Aluminum vs. steel tooling: Which material is right, and how to design and maintain?


With OEMs hammering their mold suppliers for ways to reduce cycle times, aluminum tooling offers one answer. With its ability to transfer heat from the mold much faster, many OEMs are choosing aluminum. Another benefit is faster machining times, which can reduce the mold-build time by 10-15% in some instances, according to Darcy King, president of Unique Tool & Gauge Inc. (Windsor, ON).
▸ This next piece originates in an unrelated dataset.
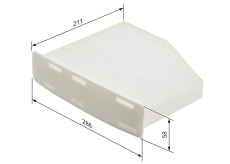 M2097 Pollenfilter Kabineluftfilter Bosch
However, there are a number of criteria to consider when determining if an aluminum mold is the right tool for the job. According to King, the first thing that Unique looks at is whether or not the molder that will be producing the parts has experience with aluminum molds. "If the molder is experienced in running aluminum molds, that means an aluminum mold won't be challenging," King told PlasticsToday. "If they haven't had any experience with aluminum-only steel molds-they need some education in the process."

Al Standaert Darcy King
Al Standaert, Technical Sales Manager (Left) and Darcy King, President (Right) of Unique Tool & Gauge.

David Myers, VP of Sales for DRS Industries Inc. , a Holland, OH-based mold manufacturer, concurred. "There's a learning curve to producing parts at production facilities that are only used for molding parts from steel molds," Myers explained to PlasticsToday. "Not only in how you process the parts but how you treat an aluminum mold versus a steel mold.  

"It's not a significant difference, but enough that it can cause problems. Your savings on the cycle time can be offset by the risk element inherent in the learning curve. We find ourselves supporting OEMs with aluminum tools and bringing in the production molder to educate them on aluminum tools," Myers added.

Unique primarily builds steel molds for the automotive industry, but has a long history of building aluminum molds as well. King said that the company also builds 'hybrid' molds that may be primarily steel but might incorporate aluminum inserts in a standing or deep-draw piece, or an area where it's difficult to get water resulting in a hot area that will affect cycle or hurt quality.

Aluminum or steel?
King explained there are several criteria in that will determine if an aluminum mold is suitable for an application. Part design/configuration is a major consideration. "A part has to be adequately designed for the molding process," said King. "We've built aluminum tools with lots of actions and/or poor shut-offs with no problem, but we might use steel shut-offs in an aluminum tool."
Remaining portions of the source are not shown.